# *RESOLVED!*: SF Bay Area, CA - Ruth needs help



## osprey (Oct 3, 2007)

Dear friends of bunnies,

Hello, I am Ruth and I am in a world of trouble. I am at a shelter that has about 60 rabbits and I guess I am in the way.
They found a thickened uterus when I had my spay surgery so I am considered not adoptable. The vet said I had cancer in my uterus. I am worried.

My friends at The Rabbit Haven say that rabbits with encapsulated cancer in the uterus have a good chance at getting lots more time. 
I am not ready to go yet, this is not right. The cancer was removed, so I feel better now. I'd like a chance at a better life than I am getting here.
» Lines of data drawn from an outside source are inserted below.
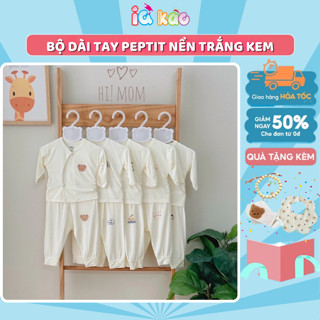 Bộ dài tay Peptit nền kem trắng cúc lệch phong cách Hàn Quốc cho bé size 3-9kg IQKAO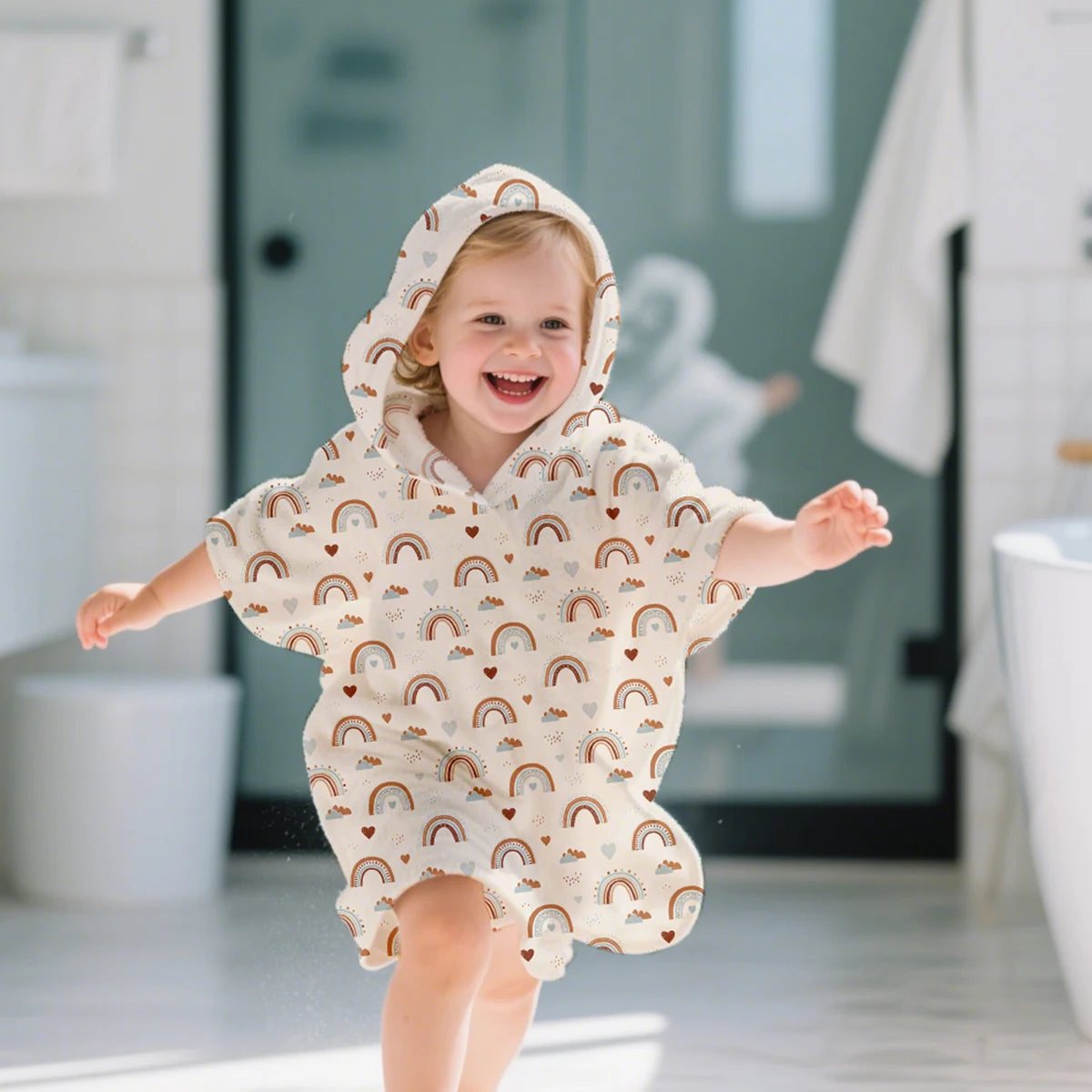 Kangobaby Hooded Bathrobe, Children's Soft Plush Warm Printed Bathrobe Pajamas, Suitable for Children Aged 1-5 Years Old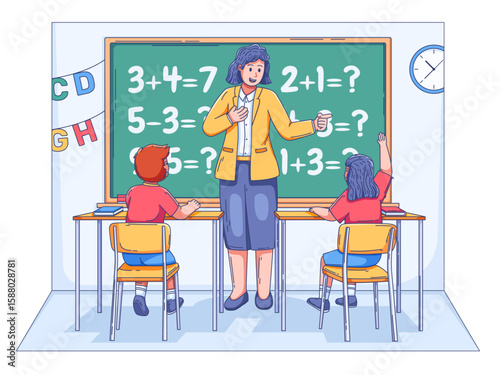 illustration depicting an engaging classroom scene with a dedicated teacher and two enthusiastic students participating in a math lesson. The chalkboard is filled with basic arithmetic problems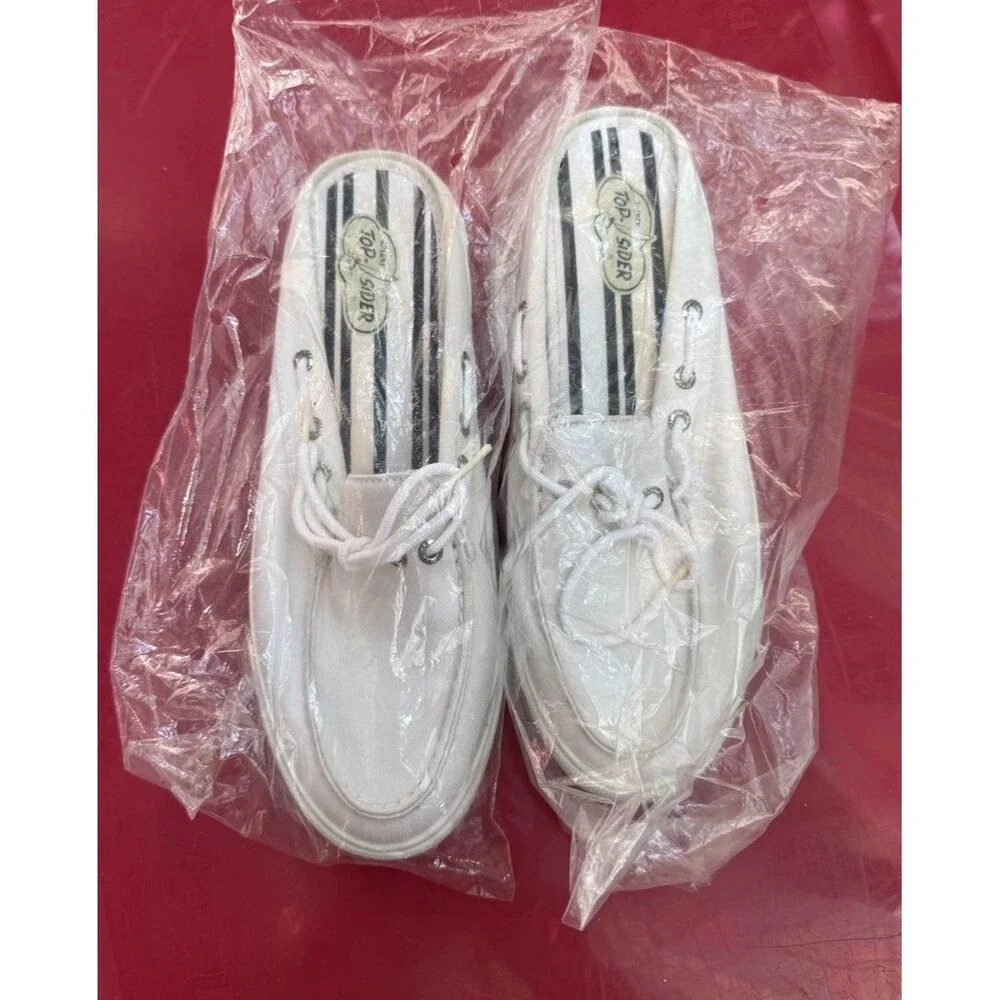 NEW Women Sperry Top-Sider Bahama Clog White Boat Shoes Slides Canvas size 9 M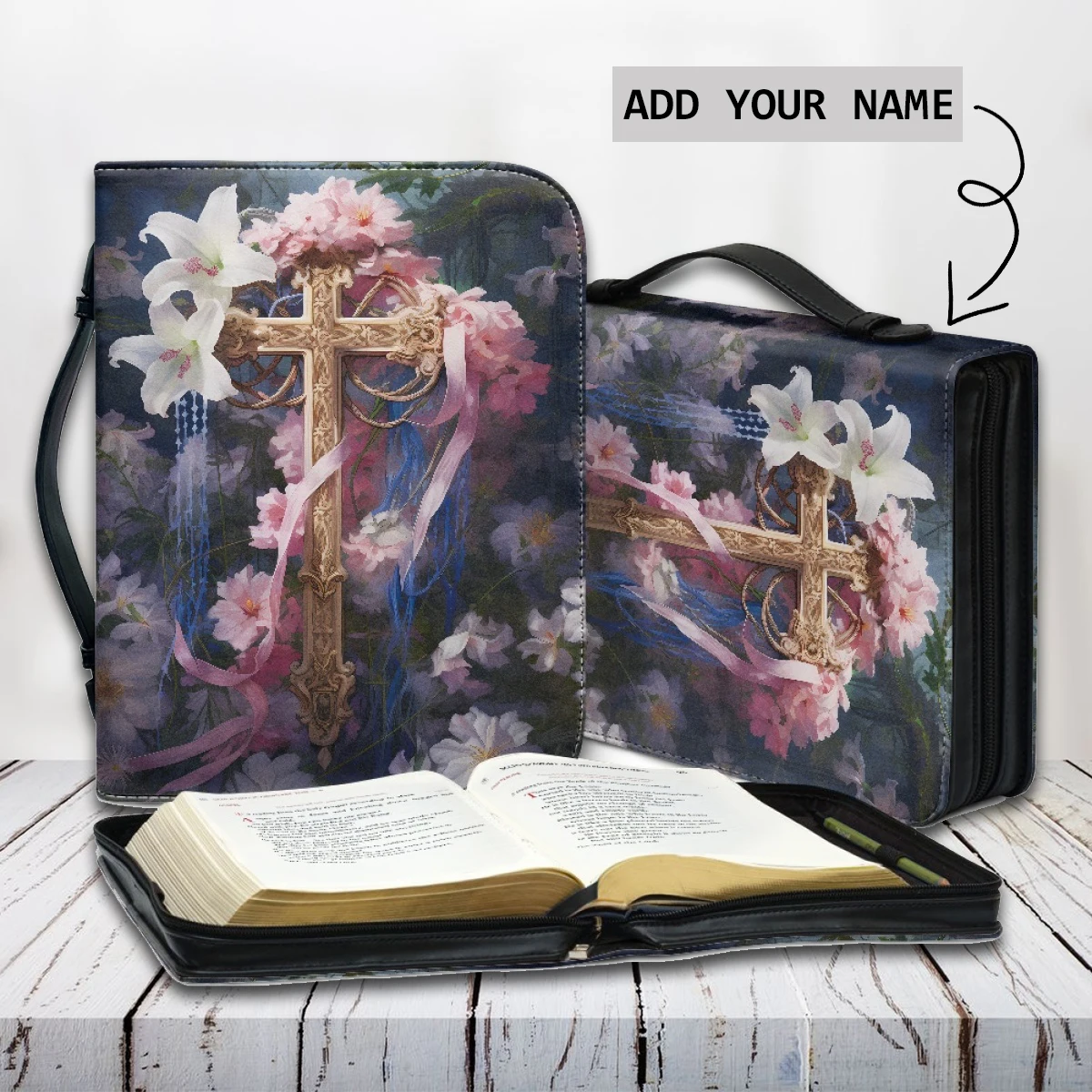 Pretty Floral Corss 3D Design Women's Bible Cover Case PU Leather Christian Bags for Female Casual Handle Holy Study Book Boxes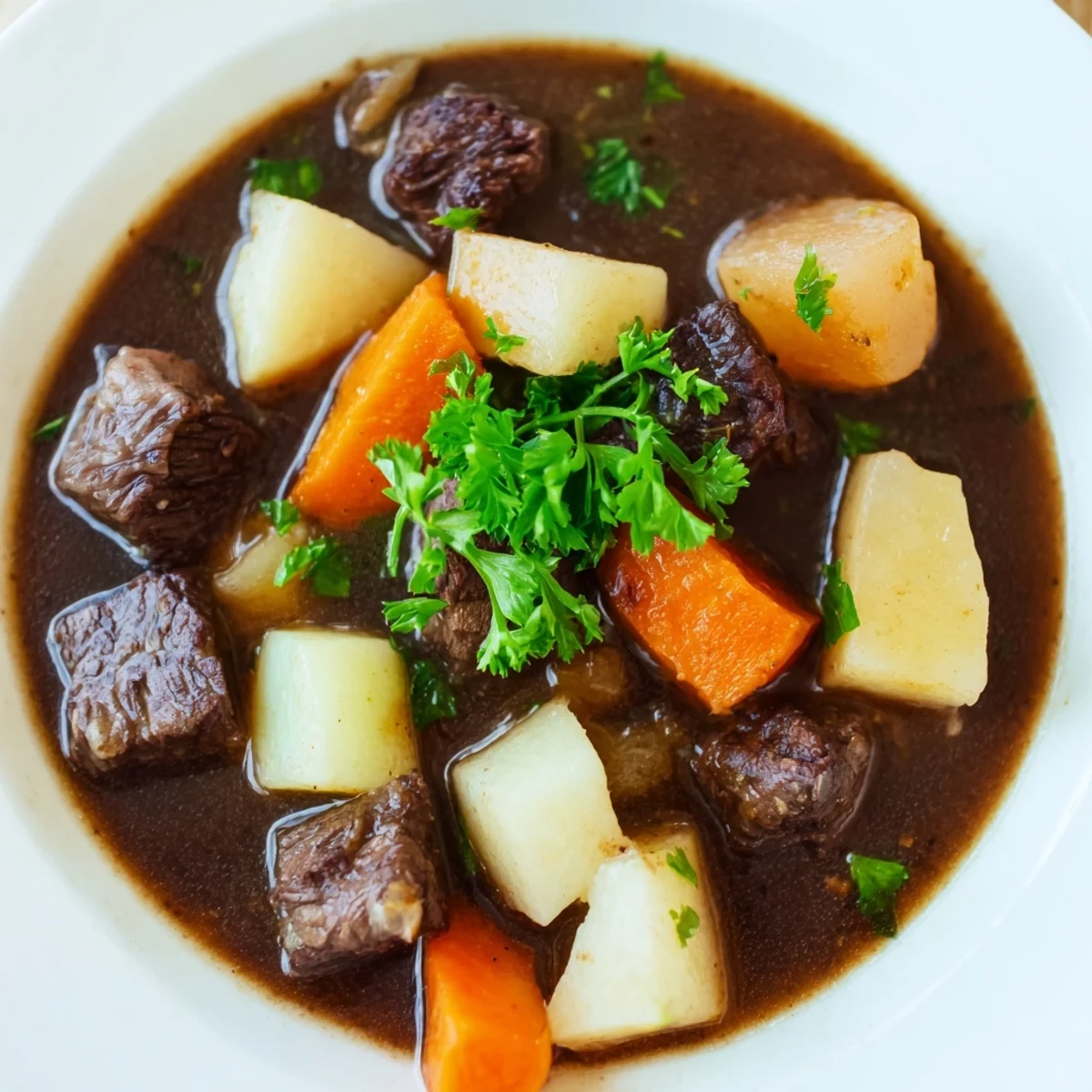 Close-up of Irish Beef Stew with Root Vegetables, garnished with fresh parsley and served with crusty bread on the side.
I am a slight female Dutch steel gray girl and need your help to get out of this shelter by Thursday, October 4.
Can you provide a place for me to live and love me?. I guess my former cancer MAY return, but that is for a later day. Right now I am bright,
curious and happy, aside from just being spayed, and this threat hanging over my head.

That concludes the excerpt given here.